Jude jogou o travesseiro na poltrona e encarou passivamente o rosto corado de Eva. Mesmo morta conseguia ser uma criatura poética, digna de afeição e amor.

— Garoto nenhum vai querer namorar uma cega. – repetiu as palavras de Eva no dia em que esteve internada com um traumatismo craniano – E que homem vai querer trepar com uma morta?

As circunstâncias não acusaram a verdadeira ceifadora de Eva. Ela já estava visitando a morte com frequências, então fazia sentido que em algum momento sua alma não retornasse para o corpo que esperava pacientemente.

A notícia paralisou seus pais, principalmente a mãe. Ela amava a filha mais velha de todo o coração, e acreditava veemente que Jude não era um bom sinal. No entanto, havia seu pai, o único que realmente parecia pensar na filha alguns mais nova, dando a ela conforto por sua má sorte. Apenas um dele compareceu ao sepultamento de Eva, enquanto o outro preferiu manter seus pecados no quarto ao lado.
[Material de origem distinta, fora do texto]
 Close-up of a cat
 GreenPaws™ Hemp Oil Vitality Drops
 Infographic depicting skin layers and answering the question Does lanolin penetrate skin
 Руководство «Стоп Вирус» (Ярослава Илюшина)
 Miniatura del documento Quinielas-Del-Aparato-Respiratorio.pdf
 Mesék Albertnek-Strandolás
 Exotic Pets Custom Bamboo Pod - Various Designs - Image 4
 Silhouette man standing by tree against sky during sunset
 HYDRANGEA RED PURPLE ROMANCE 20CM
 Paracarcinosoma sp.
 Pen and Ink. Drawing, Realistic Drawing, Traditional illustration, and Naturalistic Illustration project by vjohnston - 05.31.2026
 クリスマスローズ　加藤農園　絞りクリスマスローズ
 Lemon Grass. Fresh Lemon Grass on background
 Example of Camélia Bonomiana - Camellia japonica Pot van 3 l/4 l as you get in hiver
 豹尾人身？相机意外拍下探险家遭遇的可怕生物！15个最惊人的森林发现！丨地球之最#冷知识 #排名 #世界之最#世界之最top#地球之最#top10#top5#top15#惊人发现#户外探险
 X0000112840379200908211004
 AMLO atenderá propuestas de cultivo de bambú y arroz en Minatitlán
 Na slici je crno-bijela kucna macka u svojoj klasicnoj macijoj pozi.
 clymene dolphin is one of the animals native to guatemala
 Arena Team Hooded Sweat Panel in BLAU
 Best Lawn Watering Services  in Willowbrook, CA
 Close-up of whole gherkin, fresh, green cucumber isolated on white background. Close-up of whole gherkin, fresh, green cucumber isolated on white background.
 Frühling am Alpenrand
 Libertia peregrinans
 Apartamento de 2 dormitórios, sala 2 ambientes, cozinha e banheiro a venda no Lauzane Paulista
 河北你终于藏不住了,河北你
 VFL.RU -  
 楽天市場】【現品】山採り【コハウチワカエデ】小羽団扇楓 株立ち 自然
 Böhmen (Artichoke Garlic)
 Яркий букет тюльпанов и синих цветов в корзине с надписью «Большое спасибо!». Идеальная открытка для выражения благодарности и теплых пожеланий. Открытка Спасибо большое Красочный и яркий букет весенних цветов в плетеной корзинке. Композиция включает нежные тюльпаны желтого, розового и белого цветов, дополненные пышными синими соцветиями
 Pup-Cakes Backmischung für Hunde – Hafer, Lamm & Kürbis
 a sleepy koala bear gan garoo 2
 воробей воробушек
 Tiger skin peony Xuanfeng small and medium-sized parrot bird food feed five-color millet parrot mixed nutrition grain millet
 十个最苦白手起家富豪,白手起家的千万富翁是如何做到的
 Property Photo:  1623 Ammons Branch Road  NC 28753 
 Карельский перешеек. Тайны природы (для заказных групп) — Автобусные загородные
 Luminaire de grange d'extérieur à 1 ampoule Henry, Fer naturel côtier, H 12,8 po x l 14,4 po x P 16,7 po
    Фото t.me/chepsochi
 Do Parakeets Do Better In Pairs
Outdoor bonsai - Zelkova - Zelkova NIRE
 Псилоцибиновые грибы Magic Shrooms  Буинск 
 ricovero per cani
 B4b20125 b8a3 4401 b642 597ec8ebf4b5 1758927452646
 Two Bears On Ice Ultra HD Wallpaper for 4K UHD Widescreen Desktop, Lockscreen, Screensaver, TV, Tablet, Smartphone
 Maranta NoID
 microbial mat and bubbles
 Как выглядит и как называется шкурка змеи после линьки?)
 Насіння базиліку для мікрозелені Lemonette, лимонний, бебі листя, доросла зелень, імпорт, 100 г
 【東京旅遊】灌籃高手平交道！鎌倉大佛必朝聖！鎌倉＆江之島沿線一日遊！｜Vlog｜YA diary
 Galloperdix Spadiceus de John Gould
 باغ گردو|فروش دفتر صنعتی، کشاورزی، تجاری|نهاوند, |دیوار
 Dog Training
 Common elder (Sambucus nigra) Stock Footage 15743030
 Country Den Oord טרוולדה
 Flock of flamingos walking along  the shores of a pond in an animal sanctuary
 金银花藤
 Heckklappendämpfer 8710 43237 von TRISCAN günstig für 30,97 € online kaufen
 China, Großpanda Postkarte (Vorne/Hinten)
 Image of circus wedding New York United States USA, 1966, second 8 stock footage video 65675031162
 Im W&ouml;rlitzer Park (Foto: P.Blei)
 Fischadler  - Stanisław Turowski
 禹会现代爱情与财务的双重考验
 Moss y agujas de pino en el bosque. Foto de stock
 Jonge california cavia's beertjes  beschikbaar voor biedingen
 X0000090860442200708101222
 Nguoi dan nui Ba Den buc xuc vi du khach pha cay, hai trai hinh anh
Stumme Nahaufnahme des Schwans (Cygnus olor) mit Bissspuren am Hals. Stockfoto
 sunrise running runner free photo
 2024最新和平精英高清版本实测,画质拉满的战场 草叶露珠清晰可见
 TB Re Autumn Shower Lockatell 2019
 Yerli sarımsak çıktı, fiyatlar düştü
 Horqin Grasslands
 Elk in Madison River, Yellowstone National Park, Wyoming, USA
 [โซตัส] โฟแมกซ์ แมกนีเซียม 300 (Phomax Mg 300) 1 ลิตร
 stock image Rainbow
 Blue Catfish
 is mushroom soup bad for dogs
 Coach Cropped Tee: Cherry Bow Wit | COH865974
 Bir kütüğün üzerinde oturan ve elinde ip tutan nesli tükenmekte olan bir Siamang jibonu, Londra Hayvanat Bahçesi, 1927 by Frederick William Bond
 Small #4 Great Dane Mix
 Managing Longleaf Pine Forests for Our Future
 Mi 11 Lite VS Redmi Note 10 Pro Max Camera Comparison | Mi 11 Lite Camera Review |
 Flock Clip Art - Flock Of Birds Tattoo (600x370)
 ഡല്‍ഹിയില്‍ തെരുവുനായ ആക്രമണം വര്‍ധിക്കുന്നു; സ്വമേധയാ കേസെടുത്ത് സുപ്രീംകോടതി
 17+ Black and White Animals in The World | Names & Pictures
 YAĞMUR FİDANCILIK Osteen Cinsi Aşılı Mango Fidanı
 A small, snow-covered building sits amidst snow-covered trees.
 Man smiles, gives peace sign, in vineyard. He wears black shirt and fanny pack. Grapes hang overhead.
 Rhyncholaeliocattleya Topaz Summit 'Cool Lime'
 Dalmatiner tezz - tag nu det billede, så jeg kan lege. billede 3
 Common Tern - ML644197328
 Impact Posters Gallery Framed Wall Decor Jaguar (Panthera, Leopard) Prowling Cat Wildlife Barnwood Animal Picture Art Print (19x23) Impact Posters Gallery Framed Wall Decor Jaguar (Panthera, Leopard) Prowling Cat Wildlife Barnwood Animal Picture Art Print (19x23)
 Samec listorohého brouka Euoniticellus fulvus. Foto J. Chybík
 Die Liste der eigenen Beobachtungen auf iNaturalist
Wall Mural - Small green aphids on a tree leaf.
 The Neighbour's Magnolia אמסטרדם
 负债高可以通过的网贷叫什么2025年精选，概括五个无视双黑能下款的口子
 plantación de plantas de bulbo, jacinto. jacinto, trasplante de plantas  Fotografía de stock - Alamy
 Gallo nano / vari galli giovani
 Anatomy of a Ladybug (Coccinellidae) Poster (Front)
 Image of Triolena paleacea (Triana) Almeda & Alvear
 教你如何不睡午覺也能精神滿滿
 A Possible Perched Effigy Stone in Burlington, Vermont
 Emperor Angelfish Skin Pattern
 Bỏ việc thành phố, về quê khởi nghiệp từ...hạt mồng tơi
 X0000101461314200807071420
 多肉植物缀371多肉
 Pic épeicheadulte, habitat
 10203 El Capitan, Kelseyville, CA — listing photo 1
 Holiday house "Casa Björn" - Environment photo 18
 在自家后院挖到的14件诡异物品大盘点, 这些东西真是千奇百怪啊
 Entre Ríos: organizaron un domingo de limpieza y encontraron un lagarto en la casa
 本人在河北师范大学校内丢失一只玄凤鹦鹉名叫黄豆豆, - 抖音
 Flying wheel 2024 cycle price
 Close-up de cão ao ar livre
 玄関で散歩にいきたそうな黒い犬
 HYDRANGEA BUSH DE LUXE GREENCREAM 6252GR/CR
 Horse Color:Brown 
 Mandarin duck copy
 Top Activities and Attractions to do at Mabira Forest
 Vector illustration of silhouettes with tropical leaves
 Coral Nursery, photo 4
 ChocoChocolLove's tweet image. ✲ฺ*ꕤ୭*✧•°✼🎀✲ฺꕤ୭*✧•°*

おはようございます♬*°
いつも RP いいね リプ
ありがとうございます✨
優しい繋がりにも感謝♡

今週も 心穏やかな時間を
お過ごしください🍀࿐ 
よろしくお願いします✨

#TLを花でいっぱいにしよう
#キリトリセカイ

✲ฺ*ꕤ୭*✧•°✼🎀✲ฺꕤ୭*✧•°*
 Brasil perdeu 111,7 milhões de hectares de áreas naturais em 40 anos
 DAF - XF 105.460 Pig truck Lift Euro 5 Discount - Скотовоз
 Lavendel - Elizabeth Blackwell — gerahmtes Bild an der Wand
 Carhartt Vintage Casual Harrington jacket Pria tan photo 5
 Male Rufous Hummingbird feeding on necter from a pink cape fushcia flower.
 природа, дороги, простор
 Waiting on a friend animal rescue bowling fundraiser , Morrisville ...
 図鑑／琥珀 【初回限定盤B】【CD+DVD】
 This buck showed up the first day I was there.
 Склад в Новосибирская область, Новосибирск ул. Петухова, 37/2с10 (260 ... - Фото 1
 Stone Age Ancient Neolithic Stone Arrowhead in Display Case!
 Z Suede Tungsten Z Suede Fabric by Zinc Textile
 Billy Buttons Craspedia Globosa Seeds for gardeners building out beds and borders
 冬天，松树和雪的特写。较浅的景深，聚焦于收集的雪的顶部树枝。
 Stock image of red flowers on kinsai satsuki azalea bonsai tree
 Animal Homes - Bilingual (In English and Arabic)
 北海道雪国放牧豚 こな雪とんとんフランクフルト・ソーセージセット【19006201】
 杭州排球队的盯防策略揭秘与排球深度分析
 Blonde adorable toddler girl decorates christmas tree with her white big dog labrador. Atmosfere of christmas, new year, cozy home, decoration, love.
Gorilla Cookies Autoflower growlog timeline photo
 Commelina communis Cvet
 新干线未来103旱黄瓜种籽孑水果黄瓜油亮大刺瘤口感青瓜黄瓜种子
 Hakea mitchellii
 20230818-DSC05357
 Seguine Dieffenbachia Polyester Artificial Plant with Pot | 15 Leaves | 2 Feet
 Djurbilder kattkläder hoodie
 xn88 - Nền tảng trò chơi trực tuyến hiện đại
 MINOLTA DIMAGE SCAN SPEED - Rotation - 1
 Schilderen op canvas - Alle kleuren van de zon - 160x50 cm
Dizem que a primeira morte assusta e se torna motivo para pesadelos constantes, mas nunca ocorreu com Judith. Ela ficou feliz com o fim. Na verdade, acreditava que na segunda vez que fosse protagonista de outro homicídio faria com mais facilidade. Nunca chegou a ver ou sentir o fantasma de Eva, porque talvez ela estivesse ocupada vivenciando a eternidade, longe das dores que buscou em um bisturi.

Uma parte de Jude sabia que o adeus traria de volta sua liberdade, e talvez pudesse viver como uma mulher normal naquele mundo desconhecido, porém não fazia ideia que o grande motivo da ira de Eva voltaria para se despedir com flores frescas.

Ela era um monstro escondida na pele de uma ovelha, e encontrou outro monstro sorrateiro em Charles quando ele ousou pensar que sairia ileso do jogo que moldou para a sua própria diversão.

Jude matou Eva.

Jude feriu o próprio corpo para culpar Eva.

Jude desejou que a doença fosse mais forte que o corpo de Eva.

Jude rezou para que não houvesse justiça alguma para Eva.

E em dias conflituosos, ela se perguntava quem seria capaz de enfrentar seus carcereiros.

Sentada o mais longe do Sol, eles planejaram tirar mais que seus órgãos, mas também a chance dela ter filhos algum dia, ou permanecer viva com os seus cabelos. Retirar um coração não parecia mais um ato criminoso e desumano, e sim necessário.

Eles só não imaginavam que lidavam com uma mulher que merecia ser queimada viva por religiosos.

Jude não só matou Eva, como também cativou o mais cruel dos homens.